Paperback, 293 halaman
Penerbit: PT Gramedia
Pustaka Utama
Tahun terbit: 2012
Novel ini termasuk
salah satu dari nominasi sepuluh besar KLA (Khatulistiwa Literary Award) 2012.
Tentu saja ekspektasi saya sangat besar. Jadi saya membeli buku ini, berharap
kehausan saya akan karya anak bangsa yang bagus bisa terobati—jujur saja saya
jauh lebih sering membaca novel dengan genre fantasy, yang lebih mudah
didapatkan dari novel non-Indonesia.
Buku ini jelas sekali
berkisah tentang kehidupan si penulis sendiri, anak lelaki satu-satunya dari
lima bersaudara. Tokoh “Ibuk” dalam buku ini tak lain adalah si Ibu dari
penulis, bernama Tinah, yang menikah di usia belia dengan sopir angkot bernama
Hasyim yang sempat mendapat julukan playboy pasar. Settingnya sendiri di kota
Batu, Malang, dan dituturkan sejak kisah cinta Bapak-Ibuk terjalin hingga
meninggalnya sang Bapak di bulan Februari 2012.
Beberapa bab awal buku
ini berkisah tentang kisah cinta yang lugu dan manis antara seorang pemuda playboy
pasar dan gadis belia. Kisah tersebut berlanjut hingga pernikahan mereka, dan
kelahiran kelima anak mereka. Setelah itu kisah lebih terfokus pada si anak
lelaki dalam keluarga (Bayek), mulai dari kuliah, bekerja di Jakarta, hingga
lika-liku kehidupan dan kariernya di New York.
Ibuk dan Bapak
merupakan tokoh orangtua tangguh yang meskipun dalam kemiskinan dan kesulitan,
selalu berjuang untuk masa depan dan kebahagiaan kelima anaknya (Isa, Nani,
Bayek, Rini, Mira). Mereka bahkan harus berhutang hanya demi membeli sepatu
baru anaknya. Yang patut dikagumi adalah kesadaran kedua orangtua mereka
terhadap pentingnya pendidikan, dan inilah, yang menurut saya menjadi kunci
perubahan nasib dan kehidupan mereka sekeluarga di masa depan.
Jujur saja, buku ini
agak dibawah ekspektasi saya. Saya menikmati membaca beberapa bab awalnya
sebagai sebuah kisah yang manis, namun semakin ke belakang, banyak sekali
tulisan-tulisan yang menurut saya terus diulang-ulang oleh si penulis (meski
dengan kalimat yang agak berbeda, namun intinya sama); contohnya adalah ketika
si penulis menggambarkan karakter dan sifat si Ibuk atau si Bapak, dan ketika
si penulis berkali kali menceritakan hasrat hatinya sepanjang pertengahan
cerita hingga akhir (agak seperti curcol).

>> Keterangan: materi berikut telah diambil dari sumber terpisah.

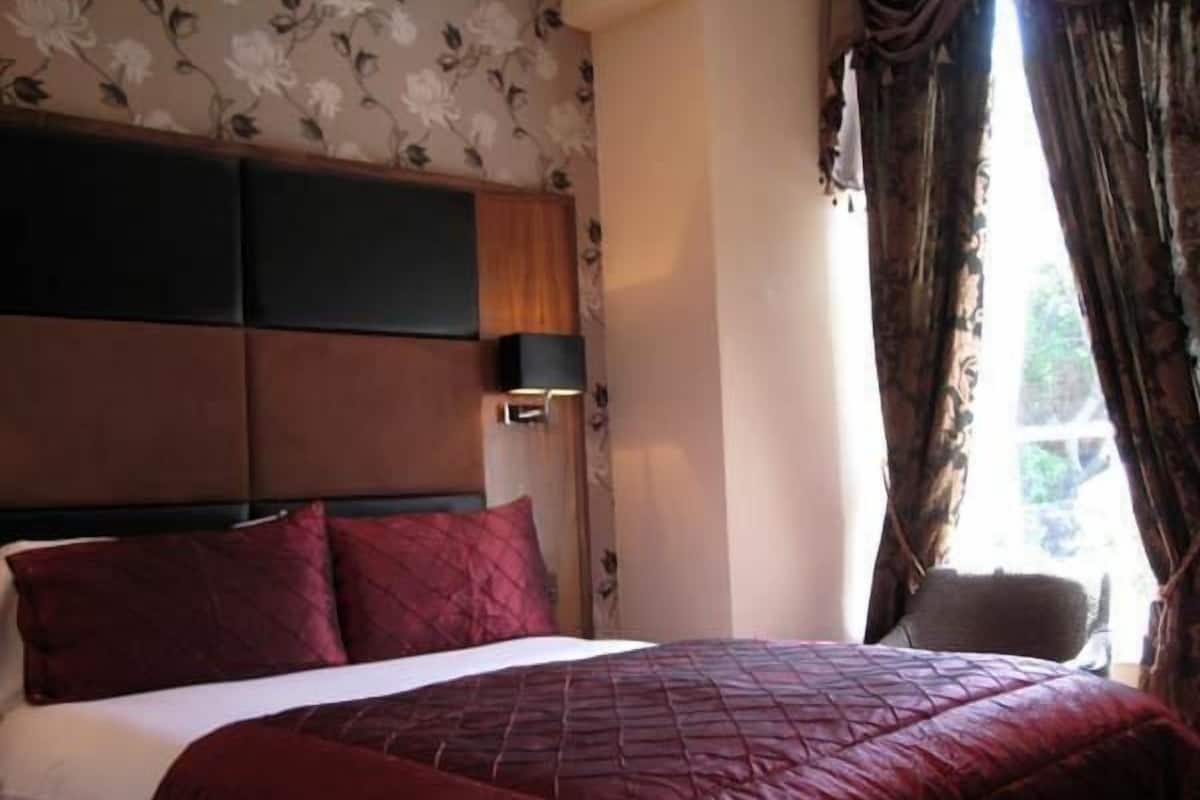 Un dormitorio con una cama grande, cabecera, mesita de noche y ventana con cortinas.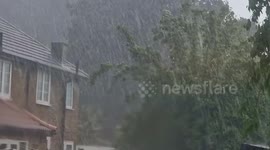 Heavy storm breaks in south-west London bringing torrential rain and HAIL
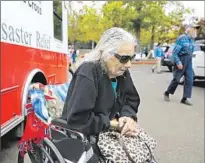  ??  ?? WINNIE PUGH, 85, reluctantl­y abandoned her home, leaving her power wheelchair and scooter behind. It all burned.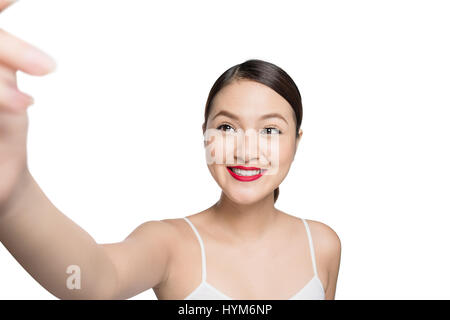 Bella donna asiatica con retro trucco prendendo foto selfie isolati su sfondo bianco. Foto Stock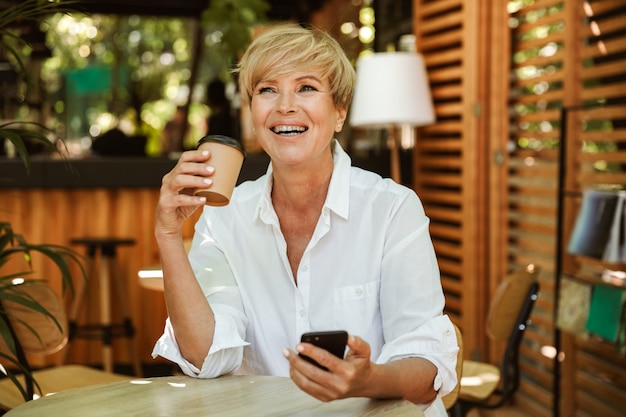 Risa mujer madura con teléfono móvil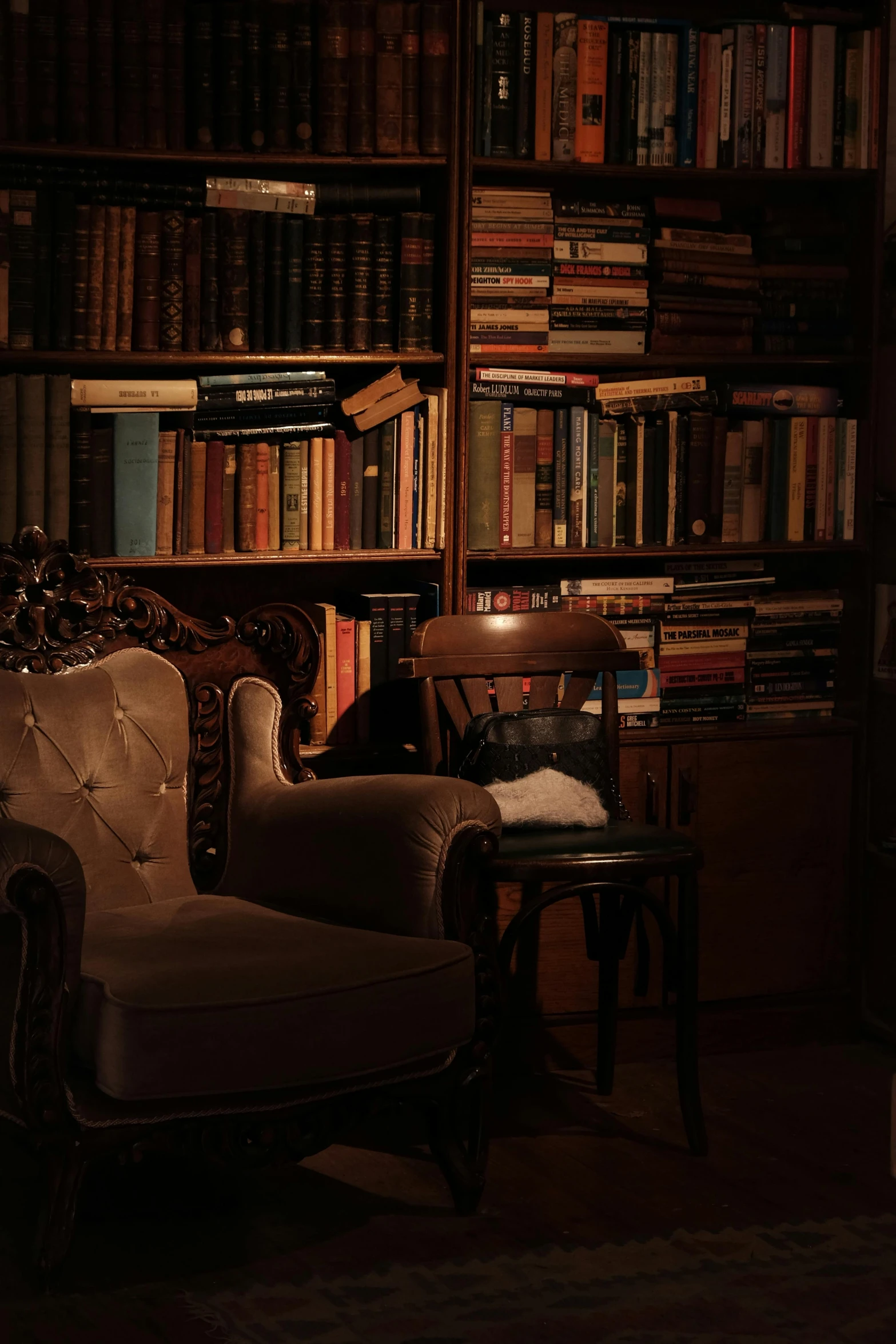 a dimly lit room with a chair and a large bookcase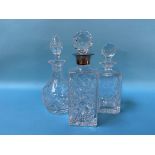 A silver rimmed decanter and two others (3)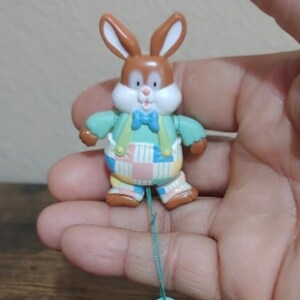 May include: A small, brown and white bunny figurine with green and blue checkered pants and a green bow tie. The bunny is attached to a green string with a white circle at the end.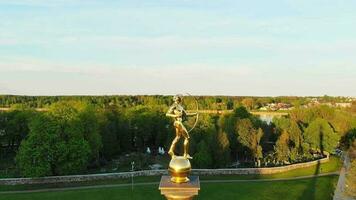 Siauliai, Lithuania - 2nd June, 2021 - Aerial view statue of Golden boy in Siauliai, Lithuania, Europe travel destination. video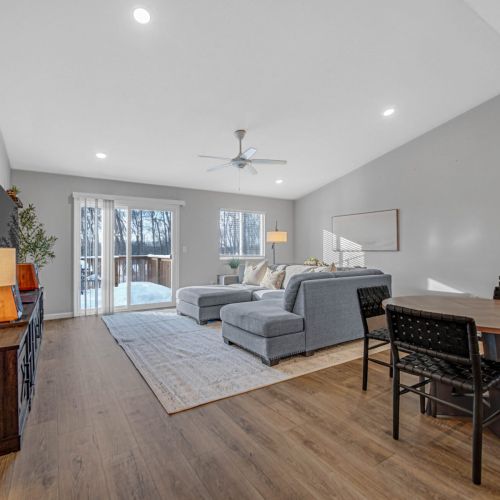 Spacious living area with sliding doors leading to the backyard deck.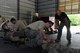 Billy Matheny, the senior combative instructor assigned to the 509th Security Forces Squadron, oversees a security forces team as they practice subduing and handcuffing a perpetrator May 15, 2018 at Whiteman Air Force Base, Mo.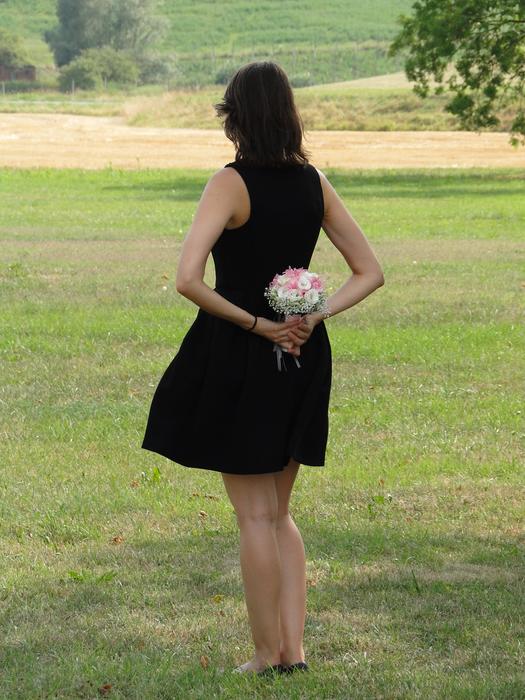 Girl in black Dress holding bouquet at her back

Saya tahu bahwa si penulis ingin memberi penekanan tertentu terhadap beberapa
bagian di buku ini, namun hal ini malah membuat saya agak jengah dengan membaca
hal yang sama diulang-ulang. Juga ketika dalam beberapa bab tertentu, tiba tiba
sudut pandang berubah dari orang ketiga menjadi orang pertama (biasanya hanya
dua sampai tiga halaman saja), lalu berubah lagi menjadi sudut pandang orang
ketiga. Bagian ini saya rasa agak tidak perlu, kecuali dari awal kisah memang
sudah direncanakan akan berganti-ganti sudut pandang.
Finally, meskipun
disana-sini masih banyak kekurangan, buku ini mampu menginspirasi pembaca untuk
selalu menggapai mimpi tanpa kenal lelah. Lumayan juga quote-quote yang bisa diambil, terutama dari dialog si tokoh Ibuk. Dan yang terpenting, siapapun kita bebas untuk bermimpi dan berusaha untuk meraihnya. Kalau mereka bisa, kenapa kita tidak?